The present invention belongs to the field of cells, and more particularly relates to a WAYNE293 LVPRO cell adapted to a serum-free medium environment, with short doubling time, high cell growth density and high virus packaging efficiency, and applications thereof.
With the development of cell and gene therapy industry, a method of introducing a target gene using a virus vector has become a new direction for people to treat congenital genetic diseases, leukemia, cancers and other major diseases.
At present, the virus vector is mainly prepared from HEK293 as a host cell by means of a method of using a cationic polymer or other chemical reagents to perform transient transfection. This is because HEK293 has certain advantages in transient transfection efficiency and virus packaging yield compared to other cells. However, adherent culture is still used for most of the genes and cell therapy drugs that have been on the market currently. For example, a method of fetal bovine serum+basal medium is adopted in the process of HKE293 cell culture. The adherent culture has insurmountable difficulties in the later stage of industrialization. The number of cells is subject to a surface area of a culture flask, so the equipment investment and labor input will greatly increase the preparation cost of the virus vector if the production scale of the virus vector is expected to increase in the process of large-scale industrial production.

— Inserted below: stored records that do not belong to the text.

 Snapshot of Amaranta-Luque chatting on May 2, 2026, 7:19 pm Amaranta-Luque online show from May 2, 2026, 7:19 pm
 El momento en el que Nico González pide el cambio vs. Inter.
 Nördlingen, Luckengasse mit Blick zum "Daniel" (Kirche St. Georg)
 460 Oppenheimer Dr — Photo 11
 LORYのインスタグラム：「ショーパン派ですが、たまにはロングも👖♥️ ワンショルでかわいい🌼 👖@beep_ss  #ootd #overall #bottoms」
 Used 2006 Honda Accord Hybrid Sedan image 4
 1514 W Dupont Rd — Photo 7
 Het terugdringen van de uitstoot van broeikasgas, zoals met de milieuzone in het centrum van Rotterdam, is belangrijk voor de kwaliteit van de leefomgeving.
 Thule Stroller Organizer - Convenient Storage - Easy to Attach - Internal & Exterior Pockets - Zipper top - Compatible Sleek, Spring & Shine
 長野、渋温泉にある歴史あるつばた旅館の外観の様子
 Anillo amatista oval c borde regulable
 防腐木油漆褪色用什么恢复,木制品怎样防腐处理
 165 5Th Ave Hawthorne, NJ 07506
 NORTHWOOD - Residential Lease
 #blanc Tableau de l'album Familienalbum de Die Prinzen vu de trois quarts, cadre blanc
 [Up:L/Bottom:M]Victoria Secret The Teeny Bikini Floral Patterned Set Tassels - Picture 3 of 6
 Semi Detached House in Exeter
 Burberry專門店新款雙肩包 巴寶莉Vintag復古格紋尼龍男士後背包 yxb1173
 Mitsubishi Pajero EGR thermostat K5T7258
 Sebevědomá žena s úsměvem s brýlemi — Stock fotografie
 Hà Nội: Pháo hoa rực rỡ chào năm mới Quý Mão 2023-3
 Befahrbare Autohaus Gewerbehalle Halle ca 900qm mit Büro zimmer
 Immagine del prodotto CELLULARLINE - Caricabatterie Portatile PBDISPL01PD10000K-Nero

Meanwhile, animal-derived fetal bovine serum still needs to be added in the adherent culture process at present as an essential cell culture raw material, which will bring inevitable risks in the safety of genes and cell therapy products.
In addition, on an existing technical platform for serum-free suspension culture of HEK293, the dosage of an anti-agglomeration agent in the medium will generally be reduced or even completely canceled for the pursuit of subsequent transient transfection efficiency. However, the HEK293 cell as a human embryonic kidney cell is very easy to agglomerate in the process of serum-free suspension culture, which greatly affects the cell viability, density and transfection efficiency.
Therefore, finding an HEK293 cell that may be subjected to suspension culture in a serum-free medium free of an anti-agglomeration agent and has short doubling time, high growth density, high virus packaging efficiency and other characteristics is an important support for the industrial development in the field of cell and gene therapy.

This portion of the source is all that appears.